How to complete this task - The listing, minus its pictures, is to be given again exactly.

Dataset content -
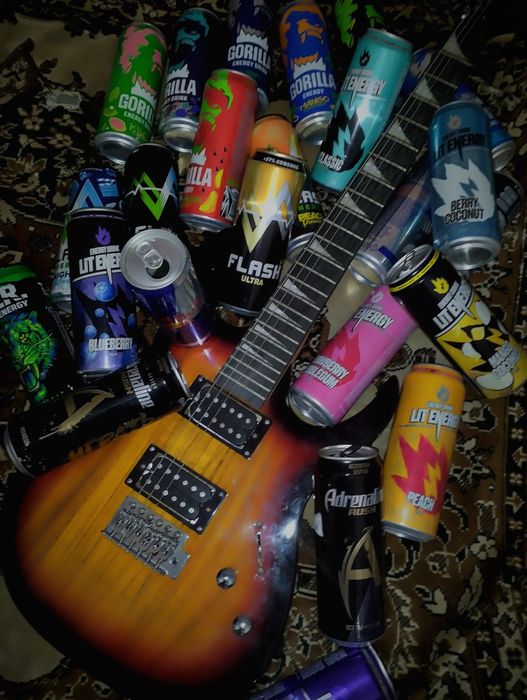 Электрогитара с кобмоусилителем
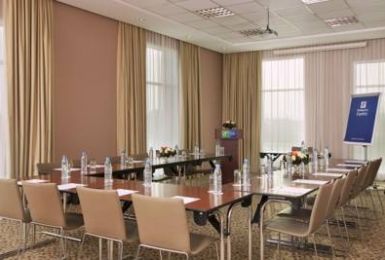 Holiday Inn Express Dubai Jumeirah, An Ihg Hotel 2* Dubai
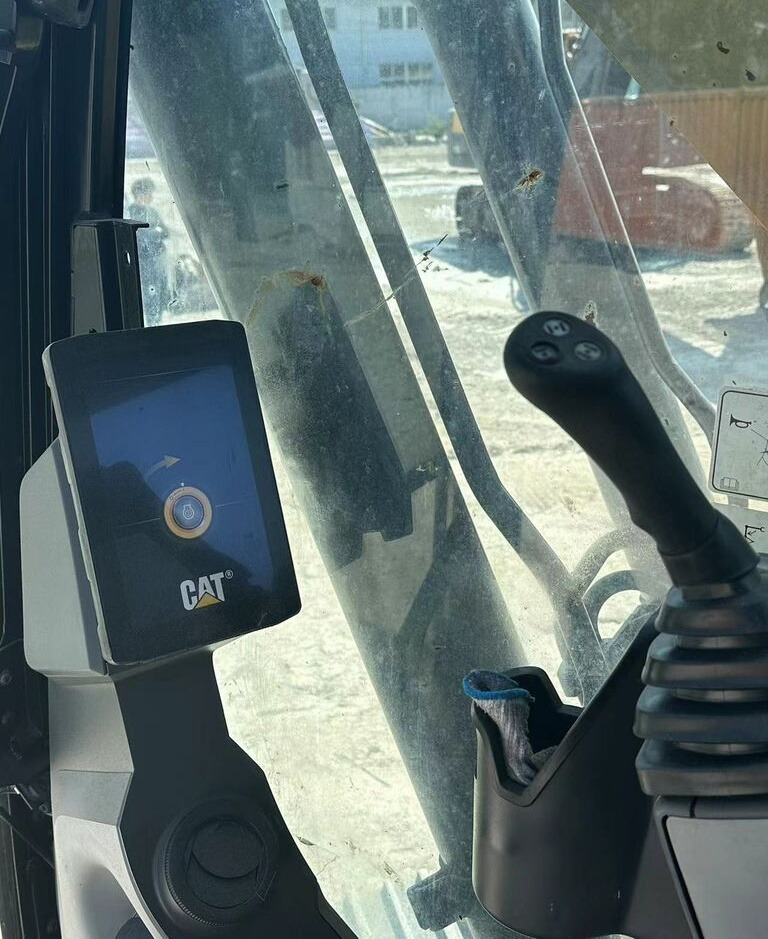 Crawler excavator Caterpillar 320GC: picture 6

Reply -
 Электрогитара с кобмоусилителем
 Holiday Inn Express Dubai Jumeirah, An Ihg Hotel 2* Dubai
 Crawler excavator Caterpillar 320GC: picture 6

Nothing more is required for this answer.